Monday, April 29, 2024

VOTD 4/29/2024

 Mayhem: Deathcrush (Black on Black)

Purchased used at The Attic


The spring semester ended on Friday and I had to travel east this weekend, Pittsburgh to Hanover to Baltimore and back. With those things now lifted (particularly the academic semester) I'm feeling some weight off my shoulders and I intend to post her more often. That again brings up the question of why even write here in the first, if my average viewing normally hovers around five. (Hello Jason, David, Adam.) As I've written before, I'm doing it in part for the discipline itself, in part of to give purpose to this large library of LPs and CDs I have amassed.

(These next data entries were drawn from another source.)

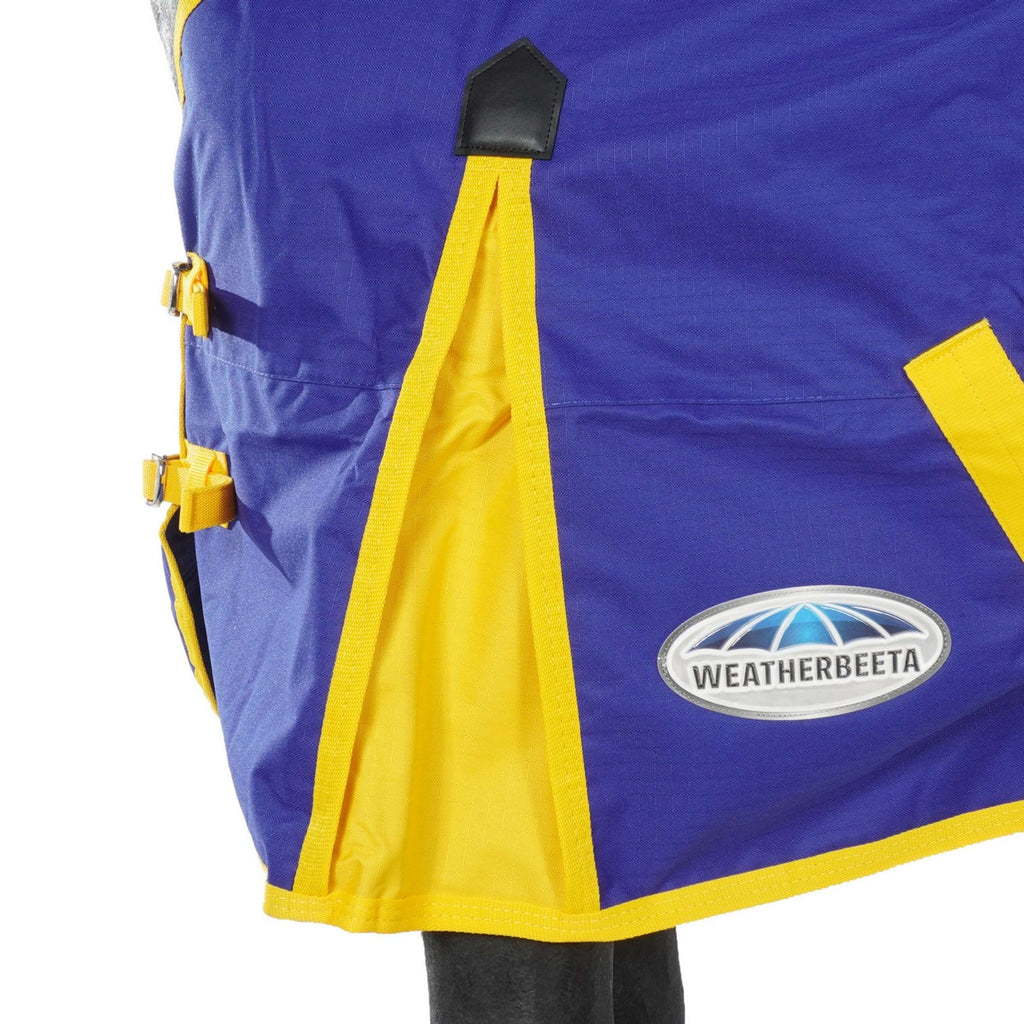 WeatherBeeta ComFiTec Classic Standard Neck Medium 220g Blauw/Citroen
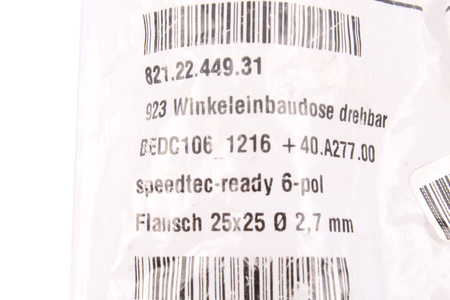 PRESA BEDC106NN000001216000 INTERCONTEC 821.22.449.31 6PIN 25X25 2.7MM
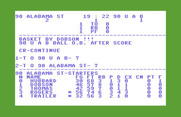 Courtside College Basketball for Commodore 64 - Basket by Dobson!
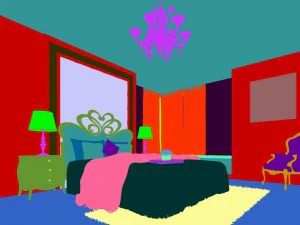 luxury stylish interior master bedroom - 65 3D Model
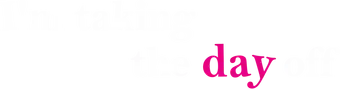 Me tomo el día libre - Logo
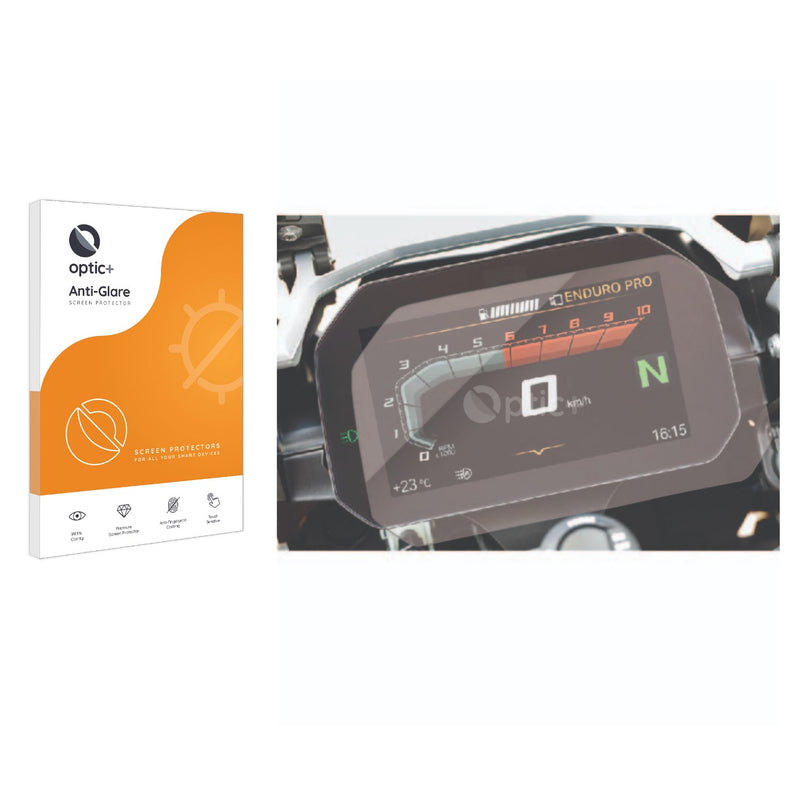 Optic+ Anti-Glare Screen Protector for BMW R 1250 GS Connectivity TFT 6.5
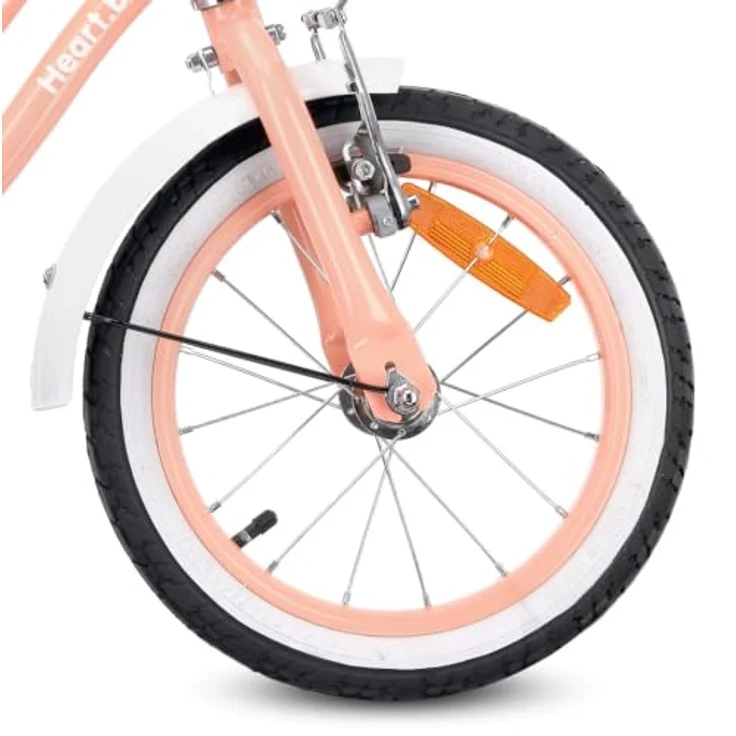 Sun Baby Heart Bike, 14 Zoll Mädchenfahrrad mit Schubstange, Aprikose, für Nutzungsbereich innerhalb der StVZO, zulässiges Gesamtgewicht bis 50 kg – Bild 5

So here's this nasty little piece of business, a reissue of Mayhem's debut EP Deathcrush. Not in my general wheelhouse, to reference an overused cliché. I found the book Lords of Chaos interesting, though it's more of an oral/cultural history and true crime book than about the music. It largely tells of the Norwegian Black Metal scene, dating back to the late 1980s (this record was originally from 1987). I found the book went astray a bit trying to give some history to Paganism, and is best when it stays with the narrative of the scene.

The story, semi-fictionalized in the Lords of Chaos feature film*, centers on the band Mayhem, its bandleader Euronymous, and the increasingly destructive and violent activities of members of the scene. The music was only a component of what they were doing. Euronymous and one-time friend and bandmate Varg Vikernes/Count Grishnackh, started burning down historical old Christian churches. It's not a big spoiler to mention that Varg would eventually murder Euronymous in cold blood.

Never let it be said that I celebrate these things, but I do find the record to be an interesting cultural artifact from a self-created (albeit destructive) culture. I mean, what is it to try to make the most evil sounding music possible? Was that not enough? Was what happened with Euronymous, Varg, and other players in the scene inevitable?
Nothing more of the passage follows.